Adding Assumption for European Territorial Cooperation Programmes (ETC)
- MFF 7 year timeframe: £98.0 million
- Average Annual amount: £14.0 million
- The ETC is not allocated in the same way as other cohesion funds – it is determined by Scotland's success in bidding for projects under the various operations. We have therefore calculated Scotland's possible share using the current benefit to Scotland, as at February 2020, uprated for the same inflationary forecast and exchange rate estimates as those in the calculation of cohesion funding.
Calculations for LEADER
- MFF 7 year timeframe: £50.8 million
- Average Annual amount: £7.263 million
Assumptions and Caveats
- The consultation responses recommended a multiannual programme of at least 5 years if not longer. As the European funding operates in 7 year cycles, we have assumed that allocations will be for a 7 year replacement programme.
- We used a standard exchange rate of £1: €1.10. This is the taken from Table 3.10 of the OBR Economic and Fiscal Forecast paper of March 2019 and is the average of the forecast rates from 20/21 onwards. For comparison the current exchange rate is £1: €1.10583.
- The EU Cohesion rules (Article 11) notes that a cap of 108% applies to allocations - i.e.
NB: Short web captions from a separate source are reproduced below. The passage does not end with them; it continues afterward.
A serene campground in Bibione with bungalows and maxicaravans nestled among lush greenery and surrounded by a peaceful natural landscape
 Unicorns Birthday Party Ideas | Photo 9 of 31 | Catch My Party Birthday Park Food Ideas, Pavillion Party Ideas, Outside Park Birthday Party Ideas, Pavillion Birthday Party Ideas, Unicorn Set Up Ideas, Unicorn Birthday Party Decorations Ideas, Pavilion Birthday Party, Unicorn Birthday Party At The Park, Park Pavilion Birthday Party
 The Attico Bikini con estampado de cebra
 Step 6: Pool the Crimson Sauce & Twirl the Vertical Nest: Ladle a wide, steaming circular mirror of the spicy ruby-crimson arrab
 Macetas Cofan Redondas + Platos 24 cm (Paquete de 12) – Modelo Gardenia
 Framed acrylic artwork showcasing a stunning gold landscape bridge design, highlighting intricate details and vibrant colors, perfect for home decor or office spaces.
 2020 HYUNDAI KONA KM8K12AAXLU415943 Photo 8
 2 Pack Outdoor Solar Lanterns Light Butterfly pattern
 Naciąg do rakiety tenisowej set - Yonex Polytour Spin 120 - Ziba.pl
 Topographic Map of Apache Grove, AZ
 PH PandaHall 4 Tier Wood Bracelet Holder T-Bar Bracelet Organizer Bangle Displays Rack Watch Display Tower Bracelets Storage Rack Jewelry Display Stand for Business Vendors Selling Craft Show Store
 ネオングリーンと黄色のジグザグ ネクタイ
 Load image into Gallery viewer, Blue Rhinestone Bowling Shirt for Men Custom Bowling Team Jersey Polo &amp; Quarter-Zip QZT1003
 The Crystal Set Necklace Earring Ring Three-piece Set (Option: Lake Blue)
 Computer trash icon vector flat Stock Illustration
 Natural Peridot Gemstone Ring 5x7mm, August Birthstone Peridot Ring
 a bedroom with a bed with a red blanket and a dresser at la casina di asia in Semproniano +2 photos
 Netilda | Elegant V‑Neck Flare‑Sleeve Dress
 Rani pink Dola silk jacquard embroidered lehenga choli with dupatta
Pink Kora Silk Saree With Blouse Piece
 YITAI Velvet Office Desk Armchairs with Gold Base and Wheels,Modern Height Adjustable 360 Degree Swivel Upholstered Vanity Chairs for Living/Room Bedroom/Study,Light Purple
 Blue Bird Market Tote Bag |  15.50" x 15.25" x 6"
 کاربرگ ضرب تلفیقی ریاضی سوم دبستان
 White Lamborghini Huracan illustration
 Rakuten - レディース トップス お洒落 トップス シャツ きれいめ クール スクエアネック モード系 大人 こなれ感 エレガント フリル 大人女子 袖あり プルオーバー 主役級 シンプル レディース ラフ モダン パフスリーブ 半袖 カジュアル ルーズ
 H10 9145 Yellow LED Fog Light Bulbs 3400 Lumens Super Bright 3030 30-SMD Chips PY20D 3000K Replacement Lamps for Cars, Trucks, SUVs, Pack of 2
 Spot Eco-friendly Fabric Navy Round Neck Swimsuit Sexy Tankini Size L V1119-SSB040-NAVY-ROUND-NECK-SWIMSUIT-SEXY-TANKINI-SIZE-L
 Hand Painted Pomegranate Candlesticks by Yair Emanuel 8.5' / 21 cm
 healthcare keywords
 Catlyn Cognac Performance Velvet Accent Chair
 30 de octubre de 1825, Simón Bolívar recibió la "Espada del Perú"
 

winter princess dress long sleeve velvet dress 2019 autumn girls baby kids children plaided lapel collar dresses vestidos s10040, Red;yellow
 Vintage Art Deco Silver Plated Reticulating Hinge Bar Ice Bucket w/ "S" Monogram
Member States can only receive a maximum of 108% of their 14-20 allocation.
Points to note
- As European Policy Research Centre research states: "Importantly, there is not necessarily a direct link between the regional amounts generated through the formulae and the final allocation to Operational Programmes. Accordingly, the allocation of funding within the UK would not necessarily follow the Commission's methodology; in the past it has been based on a political agreement between the UK Government and the devolved administrations".
- There are other ways in which we could calculate a baseline figure. However, looking to similar and previous programmes, such as allocations across Local Enterprise Partnerships for the existing ESIF programme in England or how city and growth deal settlements were arrived at, there is little transparency about this how these decisions were made.
- As noted in a judgement regarding allocations of structural funds in England, "There is no "right" answer prescribed by the EU Treaty or the 2013 Regulation to the question how EU Structural Funds should be distributed within a Member State. There is not even any clear principle on which this should be done. Instead, the Secretary of State was required to make a complex evaluation of a wide range of overlapping criteria, all of which involved difficult and sometimes technical judgments about matters of social and economic policy". Whilst we are now in a post structural funds world, this comment remains apposite.
- European Structural Funds and State Aid Division take cognisance of the potential implications associated with multi-year funding of a Shared Prosperity Fund and would advocate that in all cases funding should be given sufficient flexibility to allow acceleration and deceleration of programmes across multiple years without impact to overall funding levels. Further consideration is required as to how the ultimate funding methodology impacts on the current fiscal framework and the Scottish Government's reserve capabilities.